You write, in your email, "I am sorry to read such a smearing blog misrepresenting Christian Science in such a profound way - and demonstrating a gross mis-understanding about its teachings." It is obvious that you write as a defensive true believer, for it was not our purpose in any way to "attack" Christian Science. And I have read and studied its literature, including the works of Mary Eddy.
When the microreligion was founded, "mental healing" was all the rage in American society. Many much more famous people than Mary Eddy embraced it, and philosophies related to it, including Emerson, Whitman, Thoreau, and R.W. Trine, among many others.
You write, "Christian Science is not a cult." Of course, it is axiomatic among sociologists and students of religion that all members of all cults are programmed (or, educated) to believe that their faith is "not a cult." Not a single member of the Jehovah's Witnesses, Mormons, Hare Krishna, Scientologists, Christadelphians, or any other minority faith would agree that it is a cult. The word "cult" has a very bad reputation, but this is largely the result of ignorance.

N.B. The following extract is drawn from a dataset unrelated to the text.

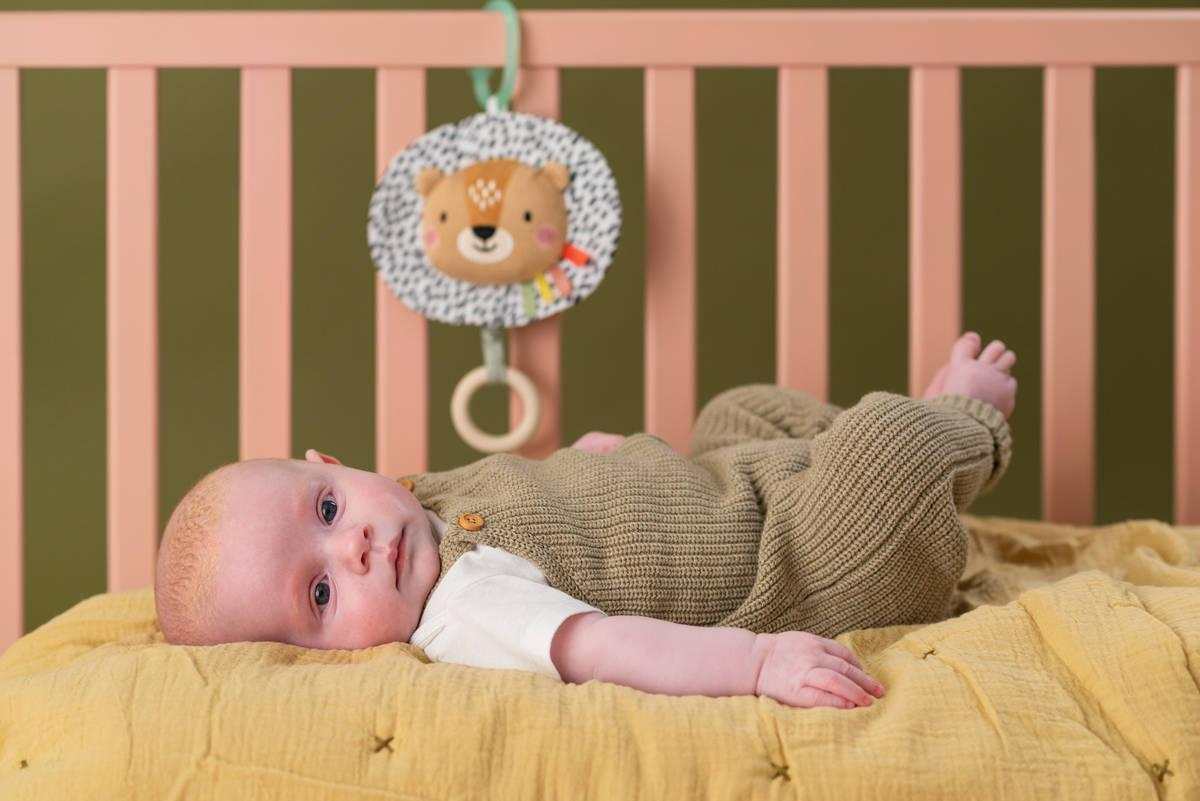 ds63659343_taf_toys_baby_lev_harry_textilni_hudebni_natahovaci_s_melodii_pro_miminko_2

In sociology, this word is not a pejorative; it is a convenient social grouping. It describes (usually) minority groups that either follow the teachings of one person (such as Mary Eddy) or a small group. The leader(s) must be seen as possessing some special "revelation" or divine wisdom not possessed by any other person. Any honest, objective analysis must agree that Christian Science fits nicely within these parameters. Members insist on conformity, insisting that all relevant truths can be found within their group, and that anything or anyone who disagrees with the formal teaching is "wrong." Christian Science also conforms to this definition. In short, the claim to absolute truth is made-- a claim rejected by academic and other more humble groups, however intelligent or enlightened.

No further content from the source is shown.